Le club avait établi 30 règles de bonne conduite. Aux yeux de Sollied, les règles sont faites pour être contournées. Il leur préfère des conventions strictes sur le terrain, misant sur l’autodiscipline pour le reste. A Bruges aussi, d’aucuns ont été choqués parce qu’il arrivait juste à l’heure, alors que les joueurs étaient déjà sur le terrain.

Les déclarations cyniques et directes du Norvégien n’ont pas ravi tout le monde en Belgique. Un soir, Robert Waseige, alors coach de Charleroi, faillit tomber à la renverse quand, à la conférence de presse, le Norvégien commanda une bière en déclarant que c’était le meilleur moment de la soirée. Waseige, lui, trouvait que le match avait été bon.

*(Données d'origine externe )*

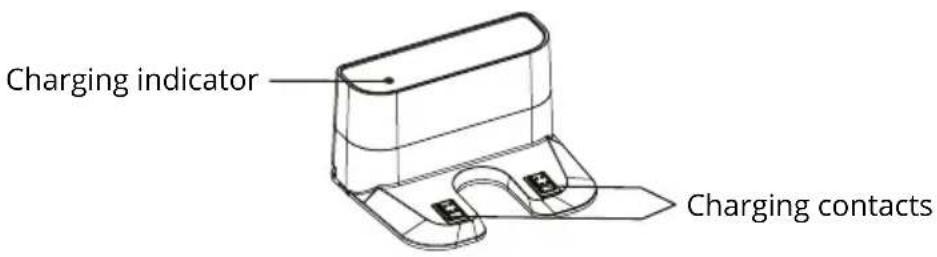 Charging indicator Charging contacts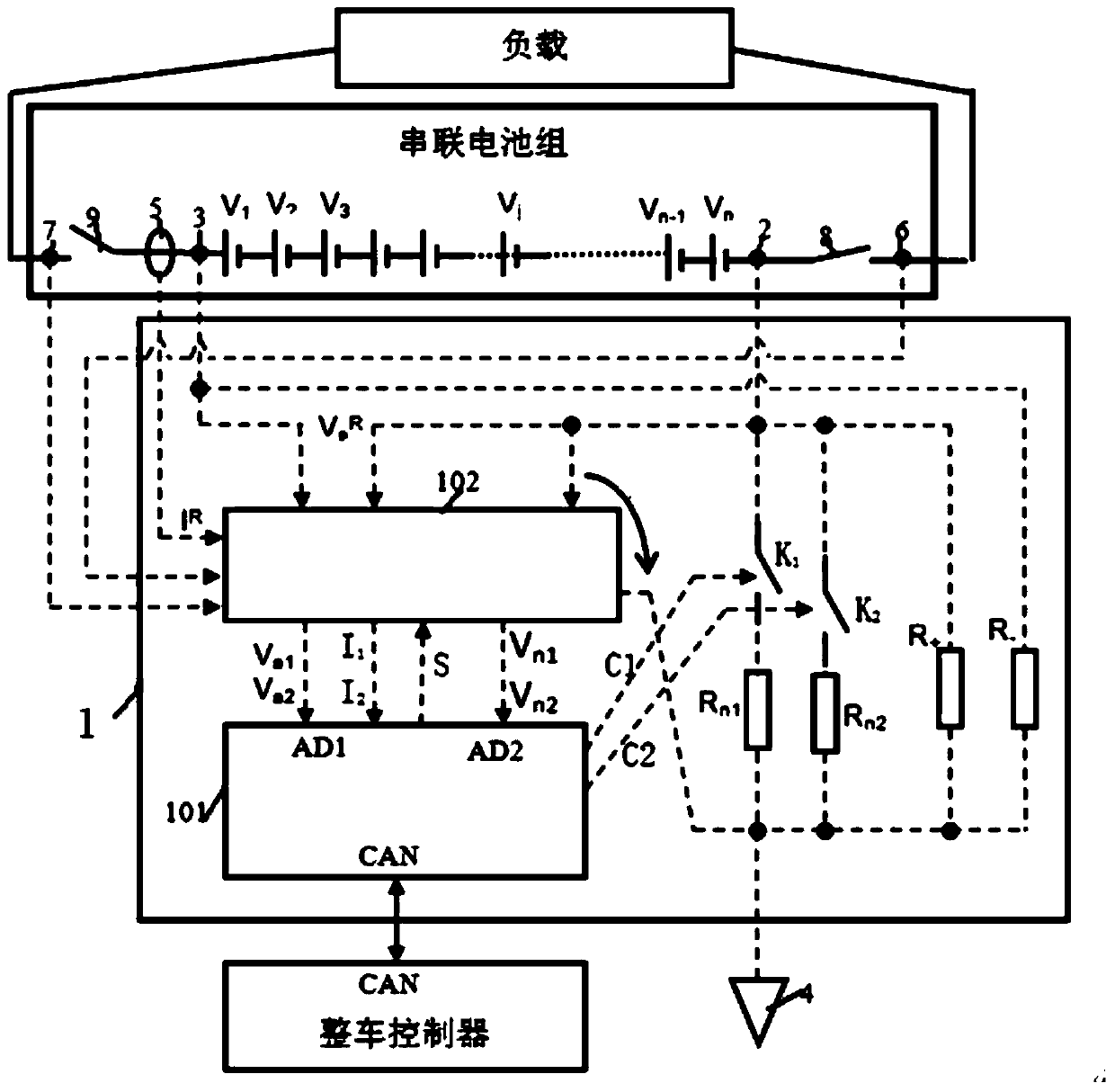 Adaptive electric vehicle high-voltage safety fault diagnosis, early warning, positioning and monitoring system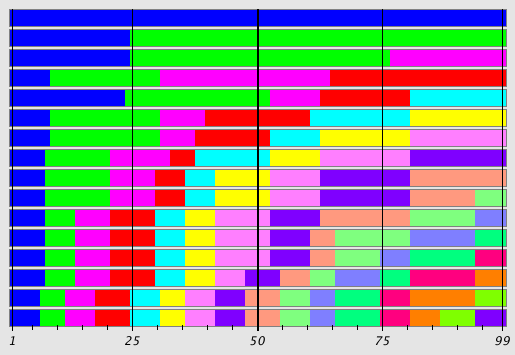 Sequence Alignment Plot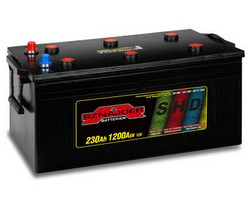 �������������� ������� Sznajder 230 �/�, 1200 � | ������� 73011 � ��������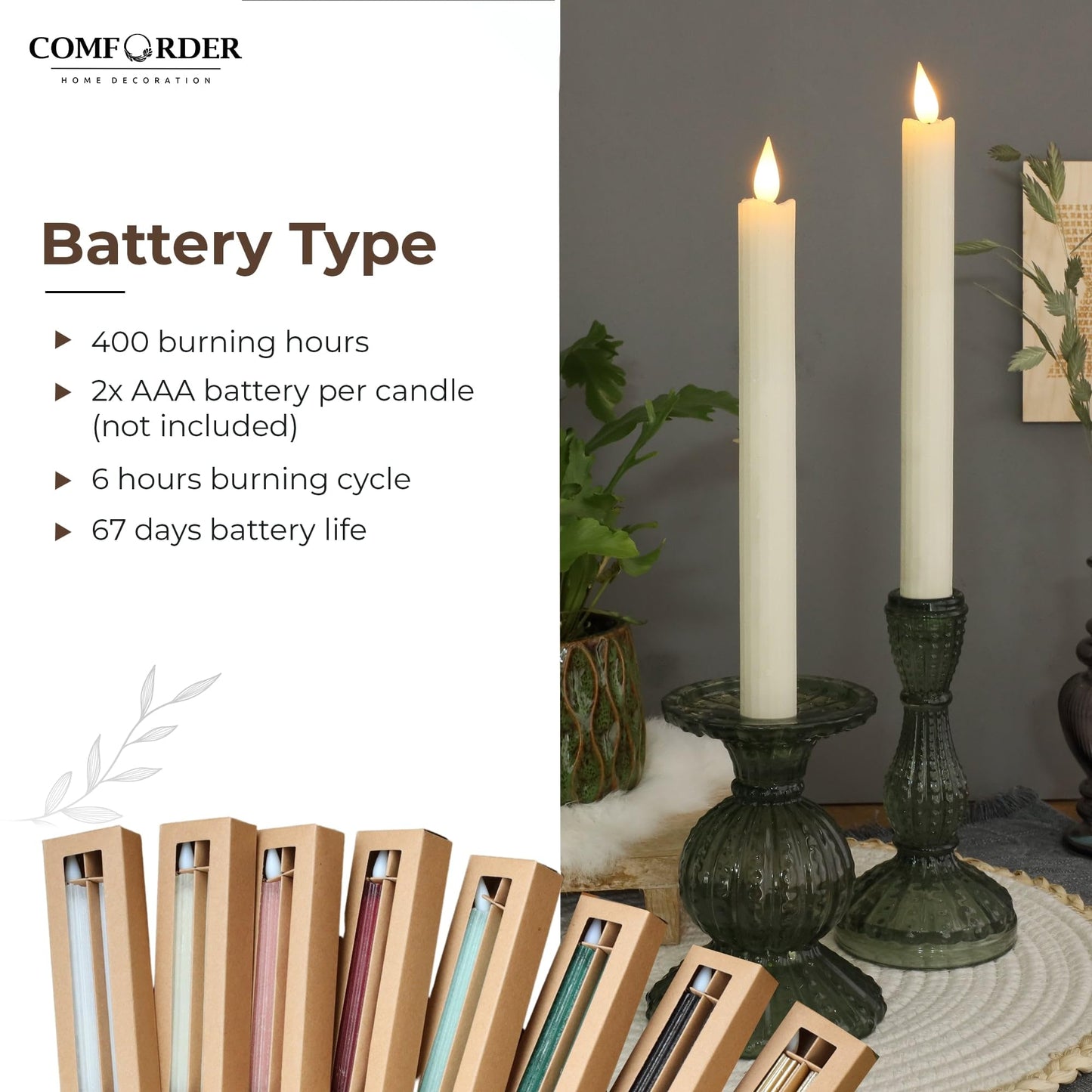 comforder Flameless Taper Candles – Flickering LED Flame with 6H Timer – Real Wax, Ribbed Design – Battery Operated Set of 2 – 10" Tall (Cream)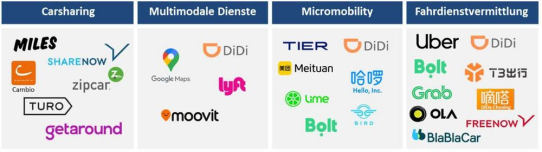 Mobility Services Report (MSR) 2023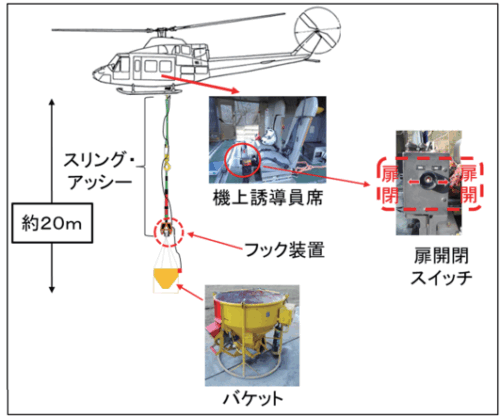 朝日航洋ベル412（回転翼航空機）の重大インシデント［つり下げ輸送中における物件の落下］(群馬県桐生市付近上空、高度約1,150ft、令和3年12月22日発生）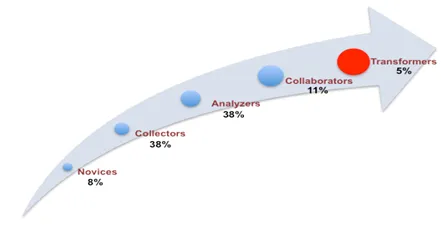 temkin-2012-cx-research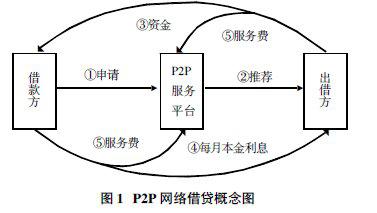 P2P网络集资行为引入刑法规制的必要性论文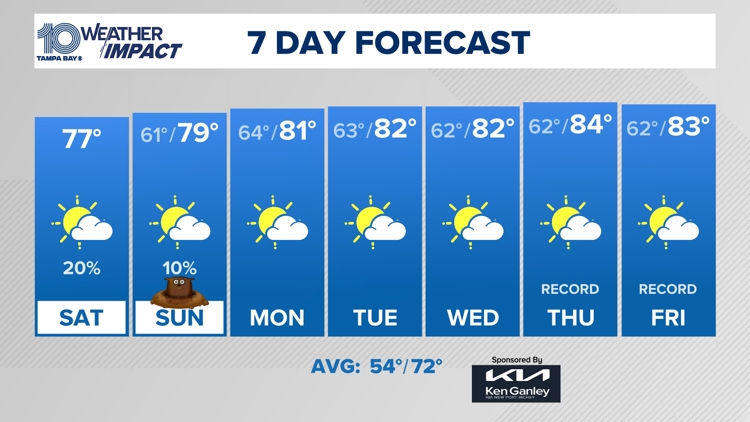  10 Weather: A brighter and drier finish to our Saturday 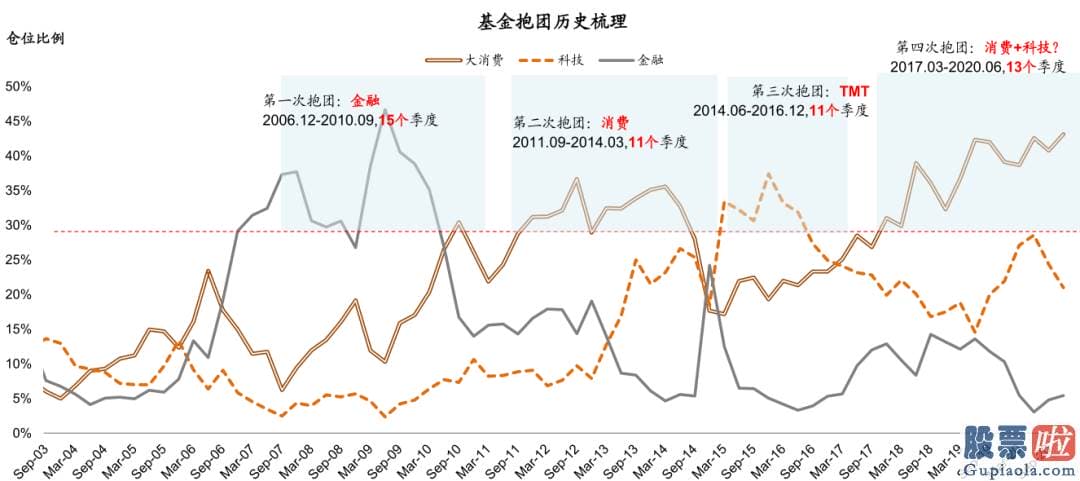 股市分析预测师张君宝 为推断当前中期调整何时及如何完毕提供参考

En dehors des joutes européennes, Sollied a rarement joué avec prudence. Il mise toujours sur la victoire, quel que soit son matériel joueurs. Comme il le répète, en football, il s’agit de marquer le plus de buts possible. Il ne se fie pas à son instinct : il expose à chacun sa mission, dans les moindres détails, via des shadowgames, des séances tactiques sur le terrain et non au tableau. Anderlecht débordait de louanges à son égard, le Standard le convoitait, mais c’est le Club qui allait le piquer à Gand.

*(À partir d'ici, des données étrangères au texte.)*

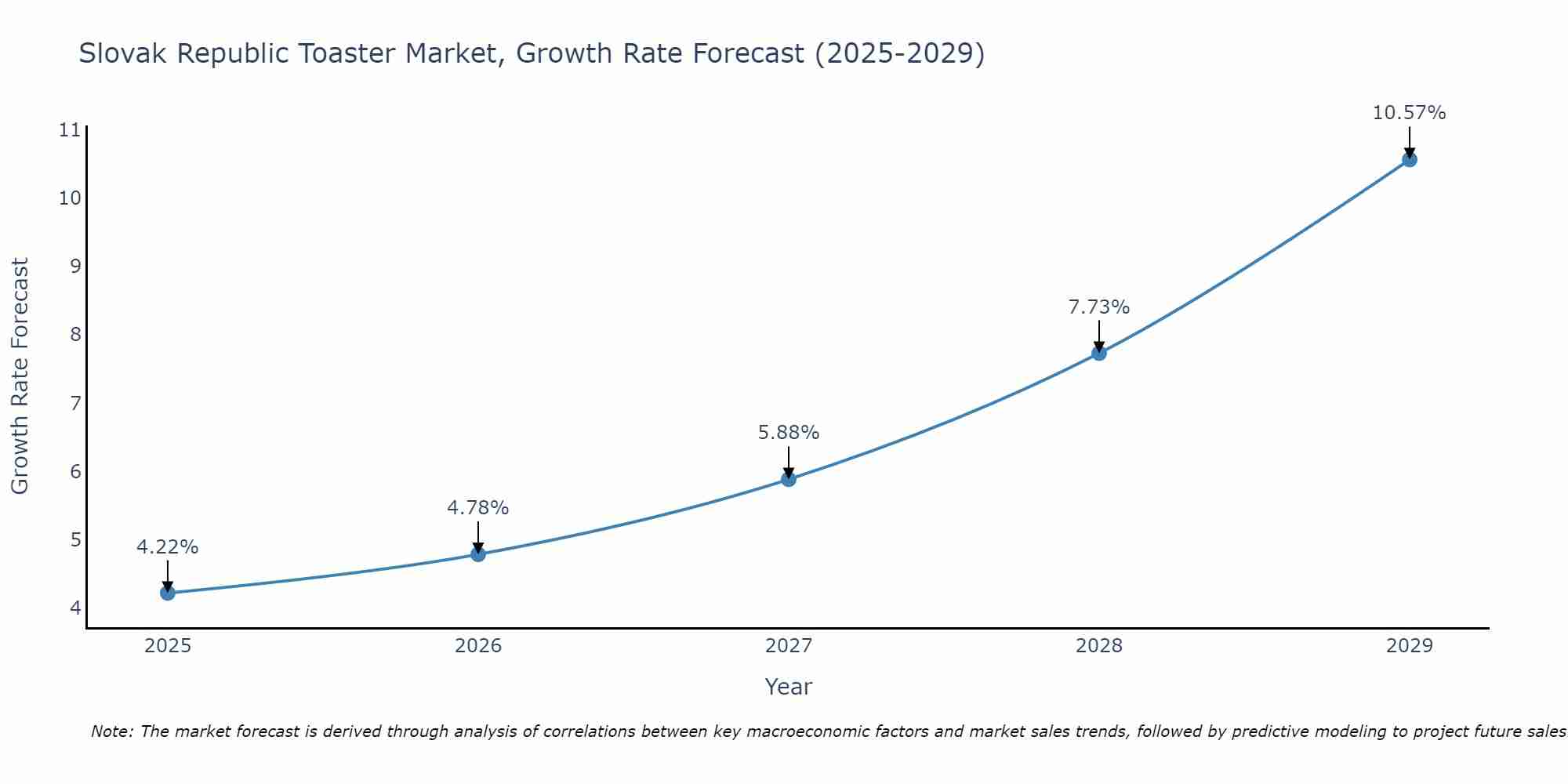 Slovak Republic Toaster Market Growth Rate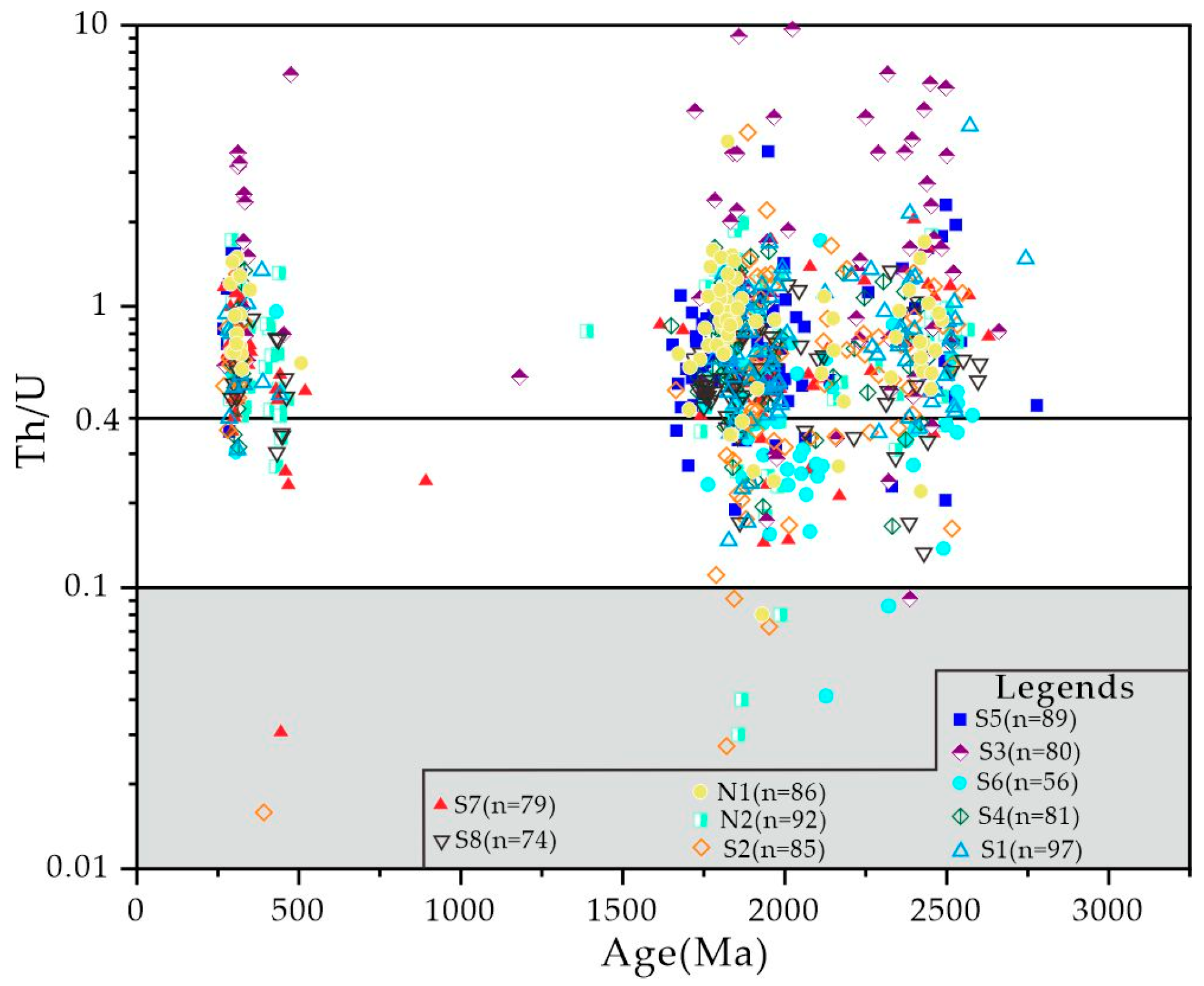 Minerals 14 01076 g007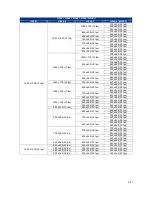 Предварительный просмотр 22 страницы Centrix MW20IR User Manual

Les jeunes footballeurs belges, dédaignés, l’appréciaient moins. Kristof Snelders est parti, las de sprinter de l’école à l’entraînement pour jouer les juges de touche. L’international espoir Thomas Chatelle n’a pratiquement plus joué. Au bout de cinq saisons très prévisibles, Bruges a également soupiré d’aise, même s’il l’a ensuite davantage regretté qu’il ne l’avoue.

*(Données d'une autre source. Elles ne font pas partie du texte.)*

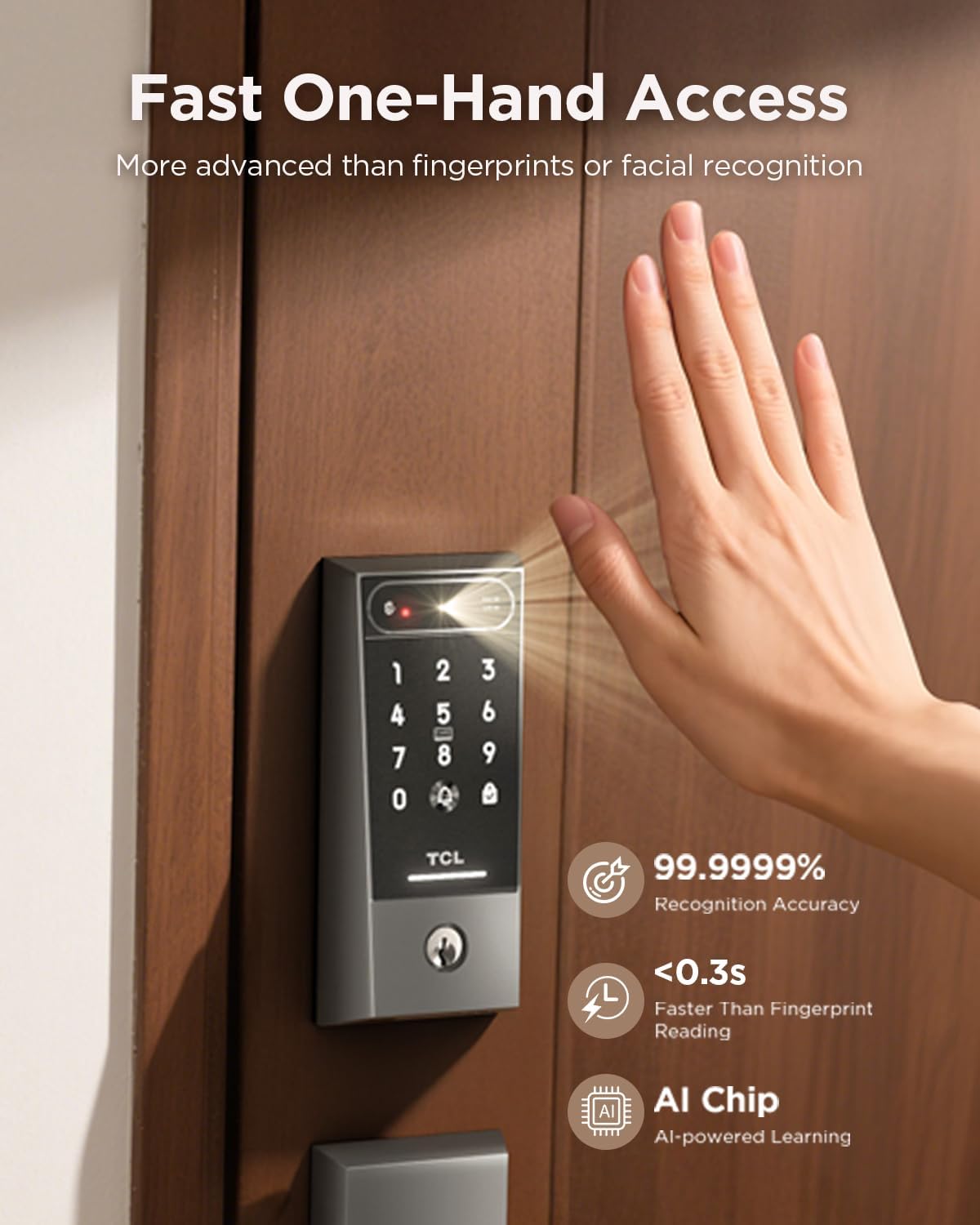 TCL D2 Pro Smart Lock with Palm Vein Recognition, Keyless Entry Door Lock for Front Door, Wi-Fi Keypad Deadbolt, App Remote Control, Auto Lock, Rechargeable Battery, Works with Alexa & Google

La semaine dernière, lors de la signature de Sollied, deux rescapés de son premier passage étaient toujours au club, même s’il est peut probable que le contrat de Sandy Martens et de Herpoel soit renouvelé. La tâche de l’entraîneur n’est pas simple. Gand ne se satisfera de rien moins que la troisième place. Le coach risque d’effacer les souvenirs quasi mythiques qu’il a laissés. Les piliers de la saison passée, Alin Stoica et Adekanmi Olufade, étaient très attachés à Leekens.

De Witte a réalisé un coup d’éclat médiatique. Le public et la direction sont enchantés, les abonnements vont se vendre comme des petits pains. Sollied sait pertinemment que sa tâche sera plus ardue qu’il y a sept ans. S’il réussit, pour reprendre son expression, les deux parties y gagneront : Gand aura enfin rejoint l’élite belge et Sollied recevra sans doute des offres lucratives… C’est sa motivation actuelle.